Limitations & Future Work¶
- Keyframe selection currently uses a fixed-interval strategy (every 79 frames) without adaptive adjustment based on video content, which may be insufficiently dense for scenes with rapid motion.
- The method relies on Inswapper for keyframe generation, and its quality ceiling constrains the upper bound of identity fidelity in the final results.
- The easy/hard split in CineFaceBench is based on identity similarity scores and may not cover all challenging real-world scenarios (e.g., extreme occlusion, blur, micro-expressions).
- The face detection → cropping → swapping → blending pipeline may introduce stitching artifacts at crop boundaries.

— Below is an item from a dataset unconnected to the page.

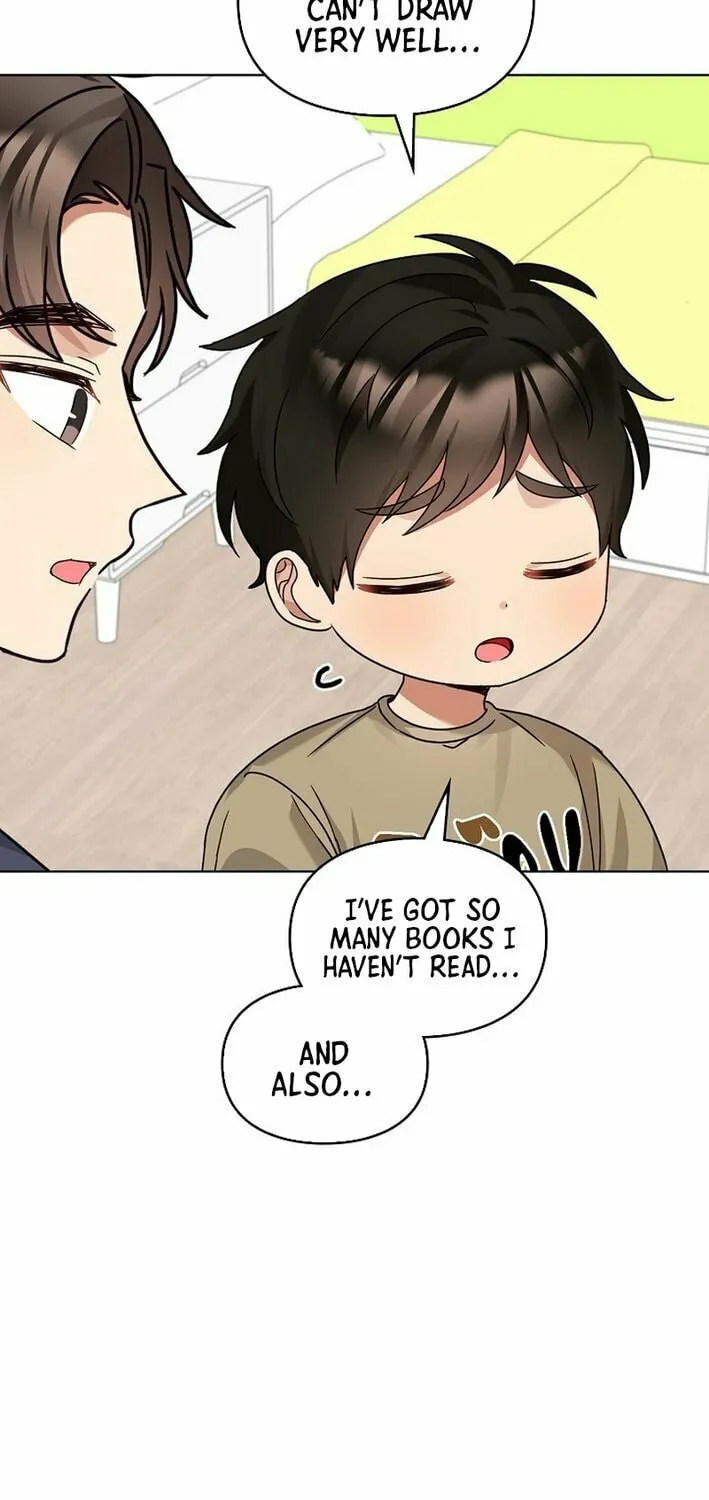 I Became a Doting Father Chapter 202 page 5 -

- Extension of video reference guidance to full-body replacement or non-face region editing has not been explored.
Related Work & Insights¶
- vs. Inswapper: Inswapper serves as an upstream tool in this work (for keyframe generation and data construction), but its frame-by-frame processing causes severe flickering on long sequences. LivingSwap overcomes this through the temporal modeling capability of video diffusion models.
- vs. DiffSwap: DiffSwap applies diffusion models to face swapping but achieves low ID Sim (0.261), indicating that naive diffusion inpainting is insufficient for identity preservation. LivingSwap's keyframe + reference guidance design significantly improves identity retention.
- vs. VACE: VACE is the backbone model of this work, but directly applying VACE to face swapping yields an ID Sim of only 0.313. LivingSwap's keyframe injection and reference guidance design raises this to 0.536.
Rating¶
- Novelty: ⭐⭐⭐⭐ First video reference-guided face swapping model with a clever pair reversal strategy, though individual components (keyframes, reference guidance, stitching) each build on existing ideas.
- Experimental Thoroughness: ⭐⭐⭐⭐⭐ Dual benchmarks on FF++ and the proposed CineFaceBench, extensive ablations (data quality, model components, keyframe quality) — comprehensive and convincing.
- Writing Quality: ⭐⭐⭐⭐ The pipeline visualization is clear, though certain details (e.g., the attribute encoder architecture) could be presented more thoroughly.
- Value: ⭐⭐⭐⭐⭐ The 40× reduction in manual effort carries exceptional industrial value for film production, and the pair reversal strategy is broadly reusable.